Indeed it would, and even appearing to let Mr. Kenney’s plans slip through could be disastrous for the Liberals in those two jurisdictions. At the very least, we could expect a bonus for Elizabeth May’s Greens on the West Coast in October if Mr. Trudeau doesn’t stand up to Mr. Kenney’s bluster, and even a respite for the federal NDP led by Jagmeet Singh.
The PM also has to know that if he does permit Mr. Kenney’s agenda to proceed unhindered, the new Alberta premier will loudly proclaim it as a huge victory, evidence of the federal Liberals’ weakness and the bankruptcy of the whole “social license” approach to balancing environmental and economic interests.
So it’s this simple: If Mr.

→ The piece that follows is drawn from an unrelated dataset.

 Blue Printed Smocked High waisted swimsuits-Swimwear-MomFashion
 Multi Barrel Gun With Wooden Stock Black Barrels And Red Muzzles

Kenney goes ahead as promised and Mr. Trudeau approves the pipeline anyway, the PM’s path to victory in the fall is very narrow; if he withdraws approval, or even kicks the can down the road, he has a much wider path to another term.
Yeah, no Liberals will be elected in Alberta and the local media will go into hysterics, but so what? Voters have already made up their minds in this province, and local columnists have already slipped over the edge!
On the other hand, the instant Mr. Trudeau announces the TMX is dead, he has lost any possibility he might restrain or influence Mr. Kenney, who will presumably then try to provoke a constitutional crisis by attacking B.C.’s economy in ways we have never seen before in Canadian history. Still, there’s only so much you can do without an army.
So my guess is that notwithstanding the Post’s claim Mr. Trudeau is “itching for a fight,” the federal government’s response will be to plead a need for more study and put off making a decision on the TMX until after the federal election, thereby eating its cake and having it too.
Moreover, as blogger Susan Wright pointed out yesterday, there’s no guarantee federal Opposition Leader Andrew Scheer would do much more for Mr. Kenney than Mr. Trudeau will. After all, the federal Conservative Party faces the same electoral math problem as the Liberals, in reverse. “The federal Conservatives could win every seat west of Ontario and Mr. Scheer would still need 63 seats from central Canada and the Atlantic provinces to form government,” she wrote.
Meanwhile, regardless of what happens with the TMX, there is another game afoot as well: the Liberal government’s desire to remain Canada’s Natural Governing Party and Mr. Kenney’s obvious ambition to return to Ottawa in prime ministerial triumph.
For Mr. Kenney’s ambition to be realized, the federal Conservatives must lose the 2019 election to Mr. Trudeau – else the ambitious Alberta premier and the rest of us might be stuck with several years of Mr. Scheer as prime minister. Talk about an unappealing prospect all ’round!
This presents some interesting problems for Mr. Kenney. He can’t appear to be too unenthusiastic about a Conservative victory in 2019 without ruining his prospects for inheriting the mantle of national party leadership afterward. Nor can he seem to be too accommodating to Mr. Trudeau.
I imagine Mr. Kenney was as pleased as Mr. Trudeau, therefore, to see recent polling that shows the Liberals finally closing the gap on Mr. Scheer’s Conservatives now that Jody Wilson-Reybould and Jane Philpott are gone from cabinet and the Liberal caucus and the SNC-Lavalin brouhaha seems to be receding into the past.